Recently I wrote about the fact I don’t want children. It was such an emotional piece to write but I felt it was an important thing to do. My work warned me to prepare for hate mail, so I was nervous. I hardly slept the night before it was published. I awoke to three comments – one negative. This faceless man said I proved that I was selfish because I’d used the word “I” 57 times in my piece. Ridiculous. How could I possibly write a piece about my choice not to have children without using the word “I”? But it prepared me – I had my thickest skin ready.
Then something amazing happened. Of the 180 comments I had about my story his was the only negative comment. I got support from all angles: mothers, single gals who want kids, married women who also don’t want kids even men all saying it was my decision and that’s okay. It was overwhelming. At first it felt really uncomfortable – like being hugged by someone you don’t know. But after a couple of days I relished it. I can’t remember the last time I didn’t have to hold myself up. To tell myself I was okay. I felt acknowledged and something I hadn’t felt in a long time I felt “normal”.

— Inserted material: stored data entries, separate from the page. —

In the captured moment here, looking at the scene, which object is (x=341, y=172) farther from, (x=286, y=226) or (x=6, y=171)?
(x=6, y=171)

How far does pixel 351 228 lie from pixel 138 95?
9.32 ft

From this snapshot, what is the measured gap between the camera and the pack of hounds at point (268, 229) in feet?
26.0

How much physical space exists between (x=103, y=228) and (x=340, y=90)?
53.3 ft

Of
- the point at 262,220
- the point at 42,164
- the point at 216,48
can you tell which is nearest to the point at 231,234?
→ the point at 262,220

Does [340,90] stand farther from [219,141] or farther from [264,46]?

I guess I was lulled into a false sense of security. I felt bold about my choices and happy and calm. So what happened to me the other night was kind of like a kick in the teeth.
It was at a pub after Melbourne Cup – granted the nation was drunk and so was I. But I met a man. (Cue angels singing – guys hardly ever approach me) Anyway this very handsome bloke sidled up to me, he was a pilot and seemed almost too good to be true. We laughed and chatted for more than an hour. My friends gave me “the look” then made their excuses and left so I was alone with him. I was giddy with excitement.

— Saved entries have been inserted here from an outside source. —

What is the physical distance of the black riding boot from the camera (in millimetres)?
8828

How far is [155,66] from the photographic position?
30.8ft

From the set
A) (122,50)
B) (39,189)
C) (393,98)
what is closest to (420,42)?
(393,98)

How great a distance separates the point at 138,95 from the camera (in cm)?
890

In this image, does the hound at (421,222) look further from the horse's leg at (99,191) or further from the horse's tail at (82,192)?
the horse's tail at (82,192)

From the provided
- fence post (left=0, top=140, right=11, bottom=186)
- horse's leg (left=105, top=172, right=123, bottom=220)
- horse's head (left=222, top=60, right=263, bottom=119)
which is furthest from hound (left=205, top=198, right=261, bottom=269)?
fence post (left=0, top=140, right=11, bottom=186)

Everything was going so well. We discussed our love of travel; how we both love our jobs. I was already marking our first meeting report card with an “exceeds expectations.”
After a couple of hours we’d arranged to go on a proper date later that week. Buoyed by my recent article I gently raised the Voldermort topic – the topic that shall not raise its name – I said to him, “Before we go any further I need to be honest with you – I don’t want to have children and if you do I guess we should talk about it.”
At first he laughed it off saying we’d gone too deep too quickly. Agreed but I’m 38 and I’m not here for a haircut, all right?
What happened next rocked me to my core. He leant over and kissed me then pulled away and said “You should never tell a guy that when you first met him. I’m 41 and I don’t think I want kids but I don’t want to be forced into a decision. So you should lie until you hook the guy, then when he’s fallen in love with you, you can talk him out of having kids.”